Segundo, a condenação do tribunal europeu ao Estado português, por não conservar habitats e espécies ameaçadas de fauna e flora, é um certificado à incapacidade do ICNF de conservar e restaurar a natureza.
São várias as razões para a situação: as áreas protegidas apenas existem no papel. Os planos de gestão de áreas classificadas são quase uma nulidade e, por vezes, são encomendados a empresas externas com pouca ou nenhuma experiência. Os planos de monitorização (o primeiro passo para conservar é saber o estado ao longo do tempo de habitats e seres vivos) são raros.
O lobo tem direito a um censo nacional a cada 20 anos, assim como a lista vermelha dos mamíferos, que não é actualizada há quase duas décadas. Conservação da natureza à moda “terreno do vizinho” é um clássico de norte a sul do país. O ICNF tem poucos terrenos próprios e, como consequência, em várias situações tem que fazer conservação em terrenos de privados, comunitários (baldios) ou em áreas ao abandono, o que cria imensas limitações e promove conflitos. Por último, os vigilantes da natureza têm 1001 tarefas e ainda acções como monitorizar pragas florestais ou fiscalizar animais de companhia, actividades pouco ou nada ligadas à conservação da natureza.
Terceiro, a caça. Todo o território é por defeito zona de caça, menos zonas urbanas e algumas áreas agrícolas, o que não beneficia nem a caça, nem a conservação da natureza. Zonas de não-pesca fazem aumentar os stocks de peixes para pescadores, zonas refúgio de caça têm o mesmo potencial mas em terra, apesar disso são raras. A dualidade de critérios também é comum, reforços populacionais para caça são processos simples e facilmente aprovados; reintroduções ou reforços populacionais para conservação da natureza, à excepção do lince, são complexos e dificilmente aprovados.

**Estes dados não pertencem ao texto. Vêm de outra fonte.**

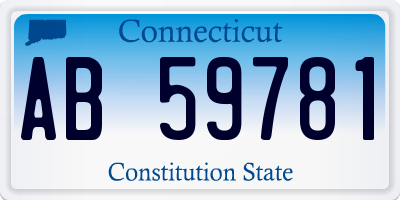 CT license plate AB59781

Quarto, incentivos económicos: a nível financeiro, as receitas provenientes de explorações florestais e taxas de caça, pesca e outras representam perto de 85% das receitas próprias do ICNF, cerca de 40% do orçamento total do Instituto. As receitas com conservação da natureza, por outro lado, são insignificantes ou inexistentes, como verbas de visitas a áreas protegidas, contribuições de operadores turísticos ou receitas por usos de espaços naturais.

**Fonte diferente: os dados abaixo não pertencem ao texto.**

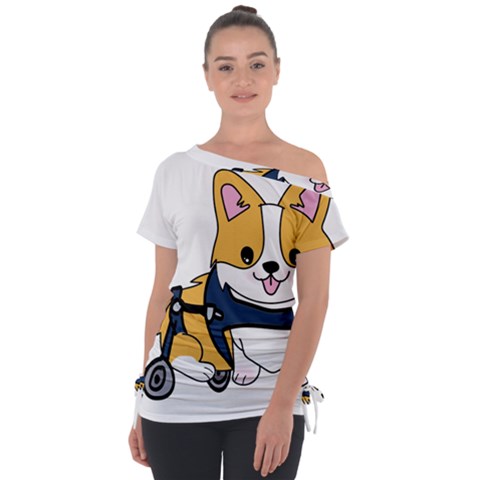 Puppy Cartoon Corgi Off Shoulder Tie-up Tee by Semog4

A falta de visão e de rumo é clara, a co-gestão das áreas protegidas representa dois passos atrás quando era preciso dar um passo em frente. Para além do lince ibérico, reforços populacionais ou reintroduções de espécies localmente extintas ou ameaçadas são inexistentes. Espécies como o castor, a cabra montesa, o quebra ossos, o esturjão ou grandes mamíferos como o cavalo selvagem estão ausentes e esquecidas. A aposta em “paisagens humanizadas” é uma estratégia do século XX, cara, pouco eficaz, com resultados medíocres e não é sustentável a longo prazo.

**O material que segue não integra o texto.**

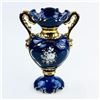 Image 5 : LARGE ORNATE COBALT BLUE FLORAL & GOLD TRIM VASE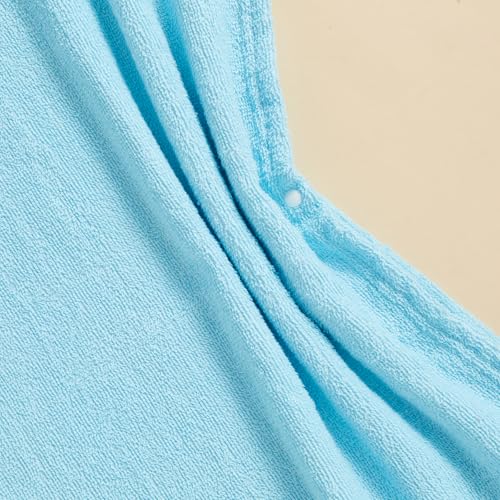 Image of woshilaocai Toddler Swim Coverup Boy Girl Terry Cloth Hooded Poncho | Baby Swimsuit Cover Up for Pool, Surf, Solid Color, Swimming Cover-ups for 1-8 Years Old Little Kids, Summer Beach Towel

Há bons profissionais no Instituto, competentes, motivados, com vontade de aprender e com amor pela natureza. Mas é preciso fazer mais e sonhar mais alto. Reformar a estrutura do ICNF, usar os fundos e recursos de uma maneira eficiente e inteligente e criar um plano ambicioso a longo prazo para a conservação e restauro da natureza.
Portugal merece uma outra natureza, mais vasta, mais diversa e mais abundante. Para fazer face aos desafios das alterações climáticas, capturar e armazenar carbono, para preservar a rica vida selvagem na Península Ibérica e criar novas oportunidades de desenvolvimento em zonas rurais, só a conservação e o restauro da natureza dá resposta a todos estes desafios sem comprometer outro.
O ICNF não pode continuar à sombra do eucalipto.